Source records:
◇ ◇ ◇
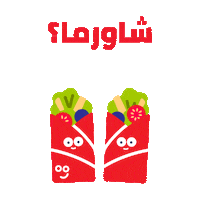 Foodak food hungry yummy tasty Sticker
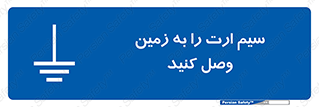  , اتصال , کابل , 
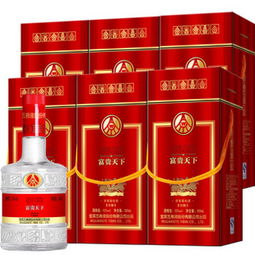 烟五粮液多少钱一包，五粮液香烟的价格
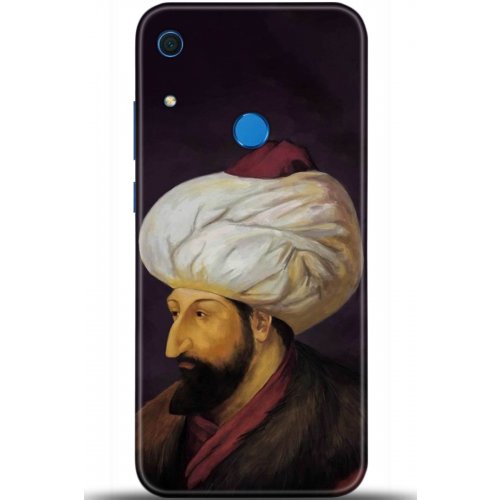 Uyumlu Kılıf HD Baskılı Kılıf - Followed Institution 5231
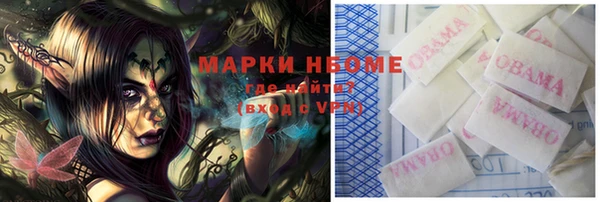 наркотики Абдулино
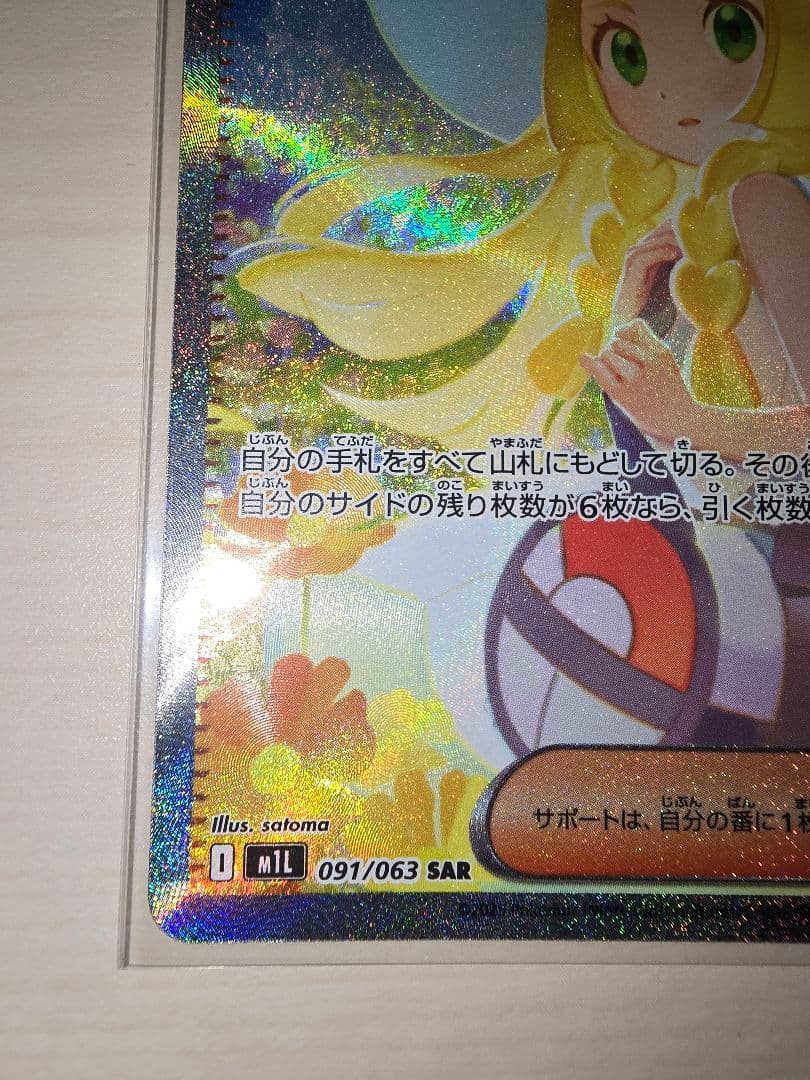カ*ド様 ★ポケモンカード　リーリエの決心　SAR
◇ ◇ ◇
▶ **PROBLEM TO SOLVE**
An exact copy is needed of every line from the one holding "اتصال , کابل" to the end of the entries above, both ends kept and each picture dropped.

▶ **RESULT**
  , اتصال , کابل , 
 烟五粮液多少钱一包，五粮液香烟的价格
 Uyumlu Kılıf HD Baskılı Kılıf - Followed Institution 5231
 наркотики Абдулино
カ*ド様 ★ポケモンカード　リーリエの決心　SAR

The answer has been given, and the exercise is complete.